Facing a side only just beginning to get properly organised, with great ambitions, but who are struggling to find the resources to become professional, Scotland could be forgiven for thinking they have heard it all before.

As they bid to inject some momentum into this tour, how-ever, they may well be advised to have a chat with members of the Royal Australian and New Zealand College of Psychiatrists who are sharing their hotel, to try to fully understand the kind of mind games they are likely to be subjected to.

In Fiji the home team's Kiwi coach Brad Johnstone did a magnificent job of down-playing his side's chances before last Tuesday's Test match. In Melbourne the local press is full of the same message.

Only two months ago, they report, Victoria were thrashed 65-0 by the New South Wales Country side Scotland will meet next Tuesday, which is a warning in itself. New coach John Kelsey admits he realised at that point the extent of the task he had taken on with a state that claims to have Super 12 aspirations in the longer term.

''It was a total shambles.
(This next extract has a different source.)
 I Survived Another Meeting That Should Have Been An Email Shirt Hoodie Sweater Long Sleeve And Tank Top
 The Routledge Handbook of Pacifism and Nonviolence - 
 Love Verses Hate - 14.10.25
I'd come in with my eyes open, but after that I really knew I had a lot of work to do,'' he said.

Having said which, Victoria have improved to the extent that in a recent return match with New South Wales Country they lost only 31-24. Indeed, their coach believes that a win over the tourists is now a realistic ambition, albeit the commercial restraints under which he is operating are likely to be demonstrated with a crowd of only around 6000 expected at Melbourne's Olympic Park this afternoon.
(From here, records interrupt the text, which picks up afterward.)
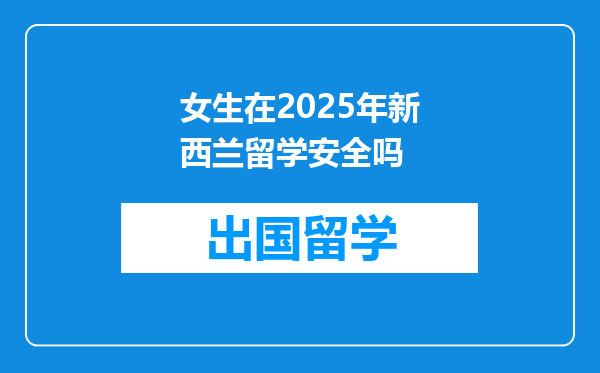 女生在2025年新西兰留学安全吗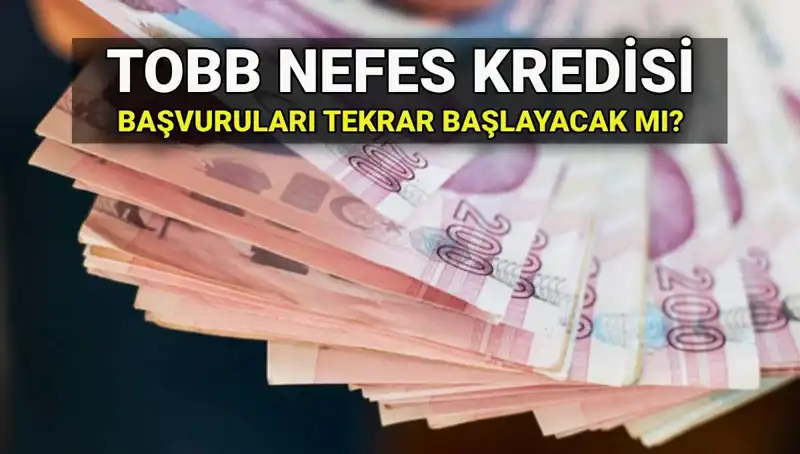 TOBB Nefes Kredisi Başvuruları Yeniden Açılacak mı? 2025 Faiz Oranları Açıklandı!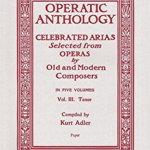 Operatic Anthology - Volume 3: Tenor and Piano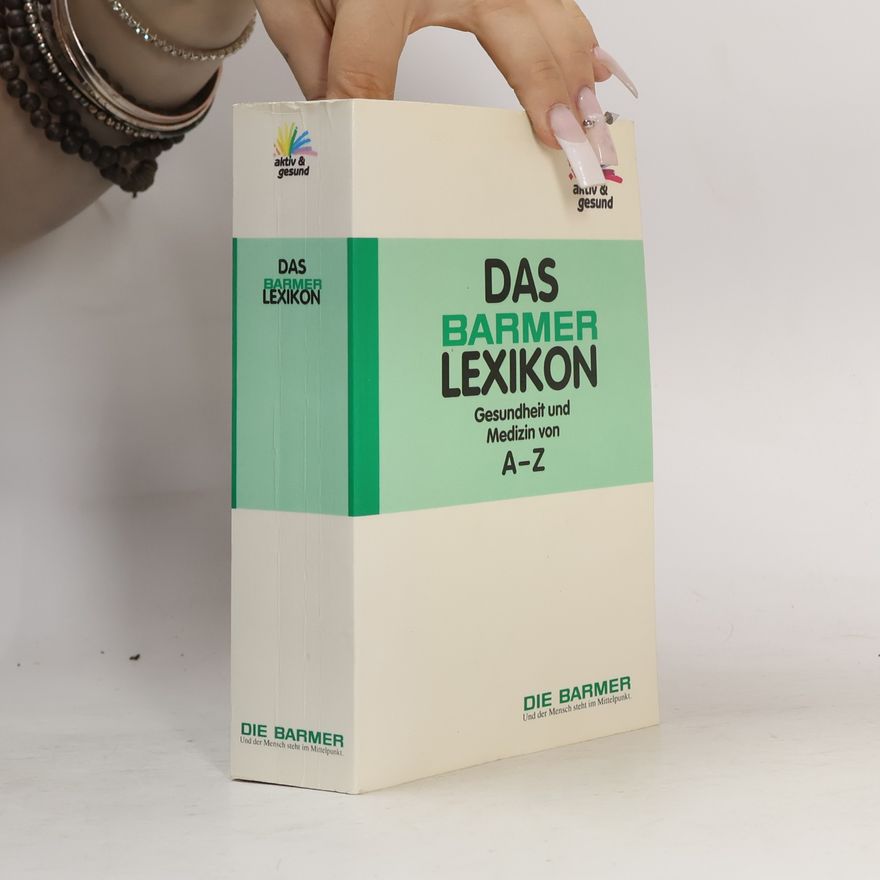 Autorenkollektiv Das Barmer Lexikon. Gesundheit und Medizin von A-Z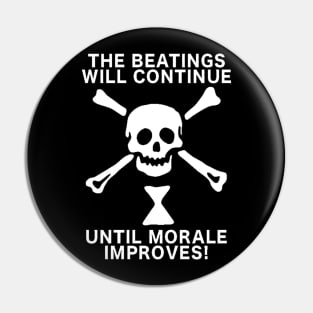 The Beatings Will Continue Until Morale Improves Pin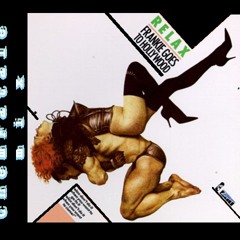 Frankie Goes to Hollywood - Relax (ChemFatale Mix)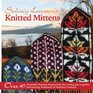 Solveig Larsson's Knitted Mittens Over 40 Wearable Patterns Inspired by the Landscape Legends and Lasting Traditions of Northern Sweden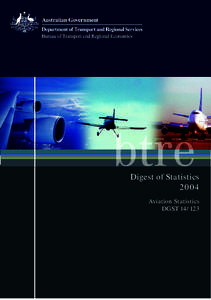 Digest of Statistics 2004 Aviation Statistics DGST[removed]  BTRE – AVIATION STATISTICS DIGEST 2004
There can be no doubt that the Scotland management have identified the two matches following this one, as more difficult fixtures. There is a growing expectation that something close to a Test side will face both New South Wales Country and New South Wales in the space of five days.

Yet, in terms of the well-being of this tour, today's game is of equal, if not greater significance. As things stand this is the only one of the seven remaining matches, in which Scotland will start as favourites. That may be a harsh assessment of a national side embarking on a sequence of four provincial matches before the first Test on June 13, but it is currently an accurate one that won't change unless Scotland win their next two matches in some style.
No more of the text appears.